In case you missed the memo, PSW is taking all of it's portfolios back to CASH!!! because we feel the broad markets are grossly overbought and we are concerned there will be few buyers for our positions if the market does start to turn down (low liquidity).  

So, better safe than sorry and that includes all of our positions, even the Top Trades.  

We will continue to pick individual trades, like the one below, and there's nothing wrong with keeping good positions if you feel you are well-hedged and don't mind riding out a 20% correction.  

My attitude about that is that, if you have $130 now after starting 2017 with $100 and the market falls 20%, then you'll have $104 and, when the market comes back, you'll have $120 again.

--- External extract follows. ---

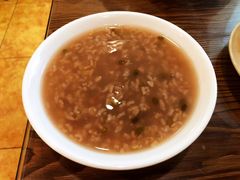 -清真吴记门钉肉饼·喜多利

We, on the other hand, if we are right, will still have $130 when the market pulls back and $150+ when it comes back as our new positions make all the gains your old ones will.  On the downside, if the market rallies 10% more, you'll have $143 and we'll have $130.

On the whole, it's a risk/reward game and I'd rather miss gaining $13 than losing $26 as I can always make another $13 with $130 but making $26 with $104 is tricky!  

From our chat room:

Portfolio/Pat – LOL, would you like to send me more information.  I guess I can get into the business of doing individual reviews for people who don't even bother subscribing.  Actually I can't – I'm not a financial adviser and that's simply not a good thing to do!   In GENERAL, you have to use your head and look at each position and think about how you feel about it – especially how you WILL feel if the broad market goes down 20% and your positions are down 10%-40%.  Which ones do you want then?  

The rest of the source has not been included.